Recently, a  well-educated, liberal friend of mine posted this piece from Reader Supported News, and it may well be one of the worst examples of insidious, hack journalism I’ve seen yet.  If all you read is the article, you will assume that Senator Franken voted against the National Defense Authorization Act, which is not true and can actually be documented.  The article, dated 12/17, is largely copied and pasted from a floor statement made by Franken prior to the vote (dated on the senator’s site 11/29); but Franken ultimately voted Yea for NDAA on 12/1, when the bill passed 93-7.

In addition to literally taking the senator’s words and post-dating them in order to obfuscate, somebody (we’ll never know who) wrote an introduction to the piece that begins “Yesterday, the Senate passed a bill…” thus creating the illusion that whatever date the news aggregator puts on this nonsense is, in fact, the day after a vote that is now almost a month old.
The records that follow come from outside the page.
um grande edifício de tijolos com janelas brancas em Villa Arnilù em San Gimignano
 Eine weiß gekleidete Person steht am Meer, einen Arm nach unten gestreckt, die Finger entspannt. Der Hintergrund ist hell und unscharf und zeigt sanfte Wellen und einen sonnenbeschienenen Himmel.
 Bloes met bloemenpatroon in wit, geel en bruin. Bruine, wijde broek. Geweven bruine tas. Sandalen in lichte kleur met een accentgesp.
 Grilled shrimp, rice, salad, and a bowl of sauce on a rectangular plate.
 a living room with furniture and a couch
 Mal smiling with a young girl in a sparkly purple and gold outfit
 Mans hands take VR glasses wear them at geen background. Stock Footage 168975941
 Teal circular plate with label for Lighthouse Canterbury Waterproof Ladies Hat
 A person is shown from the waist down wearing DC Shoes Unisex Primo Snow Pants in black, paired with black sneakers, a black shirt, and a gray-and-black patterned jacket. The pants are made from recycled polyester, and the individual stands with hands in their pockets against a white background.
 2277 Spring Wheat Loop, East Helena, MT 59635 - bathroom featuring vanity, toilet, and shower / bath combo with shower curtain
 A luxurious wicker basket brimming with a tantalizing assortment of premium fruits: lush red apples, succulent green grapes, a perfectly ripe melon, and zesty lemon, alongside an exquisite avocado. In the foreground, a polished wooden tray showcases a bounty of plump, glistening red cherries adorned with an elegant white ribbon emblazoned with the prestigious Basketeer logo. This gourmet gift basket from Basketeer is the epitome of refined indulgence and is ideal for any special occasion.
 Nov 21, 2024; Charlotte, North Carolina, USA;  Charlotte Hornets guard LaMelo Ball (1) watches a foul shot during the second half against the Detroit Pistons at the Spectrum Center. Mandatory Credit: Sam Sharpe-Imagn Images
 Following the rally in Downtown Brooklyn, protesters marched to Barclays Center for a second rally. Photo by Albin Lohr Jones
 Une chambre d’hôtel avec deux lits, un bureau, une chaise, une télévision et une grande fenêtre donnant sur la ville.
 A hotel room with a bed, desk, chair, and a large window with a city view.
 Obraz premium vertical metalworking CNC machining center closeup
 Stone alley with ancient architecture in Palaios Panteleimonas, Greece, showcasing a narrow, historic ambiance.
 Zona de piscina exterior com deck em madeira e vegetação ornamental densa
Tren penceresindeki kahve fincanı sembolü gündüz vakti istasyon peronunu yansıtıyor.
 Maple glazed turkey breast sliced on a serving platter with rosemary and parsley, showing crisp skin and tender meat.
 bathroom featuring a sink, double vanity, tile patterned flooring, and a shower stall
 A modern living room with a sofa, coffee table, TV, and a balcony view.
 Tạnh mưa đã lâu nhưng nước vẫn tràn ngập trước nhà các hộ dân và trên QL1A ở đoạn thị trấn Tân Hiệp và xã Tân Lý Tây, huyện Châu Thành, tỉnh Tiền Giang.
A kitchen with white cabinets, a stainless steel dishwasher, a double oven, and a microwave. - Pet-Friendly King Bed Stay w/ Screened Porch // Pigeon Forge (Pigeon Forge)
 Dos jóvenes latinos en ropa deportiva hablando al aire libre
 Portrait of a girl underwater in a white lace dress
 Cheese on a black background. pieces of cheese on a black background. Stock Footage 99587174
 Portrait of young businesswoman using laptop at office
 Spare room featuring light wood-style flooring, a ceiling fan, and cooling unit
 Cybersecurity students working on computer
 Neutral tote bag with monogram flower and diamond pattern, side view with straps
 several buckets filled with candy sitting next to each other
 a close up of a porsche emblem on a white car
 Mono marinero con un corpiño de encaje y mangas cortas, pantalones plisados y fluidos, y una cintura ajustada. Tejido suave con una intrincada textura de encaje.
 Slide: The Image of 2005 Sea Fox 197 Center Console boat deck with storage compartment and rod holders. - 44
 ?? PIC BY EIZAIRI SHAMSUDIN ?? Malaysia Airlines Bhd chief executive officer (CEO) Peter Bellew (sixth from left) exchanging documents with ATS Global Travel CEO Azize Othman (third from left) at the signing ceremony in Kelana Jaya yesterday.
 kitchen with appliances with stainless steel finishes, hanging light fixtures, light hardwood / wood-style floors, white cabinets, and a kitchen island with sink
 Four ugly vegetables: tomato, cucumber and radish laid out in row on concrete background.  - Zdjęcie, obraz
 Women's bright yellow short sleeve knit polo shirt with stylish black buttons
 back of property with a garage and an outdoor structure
This same article, whatever its source, appears verbatim on Huffington Post and several other sites with less brand recognition.  Huff Post shows over 6,000 “Likes,” and nearly 3,000 shares — all by well-meaning, likely-liberal citizens who have literally been lied to about this story and simply assumed that it was true.

Citizen journalism can be a powerful tool, but only if those of us still clinging to rational thought in this crazy world are willing to double check before sharing.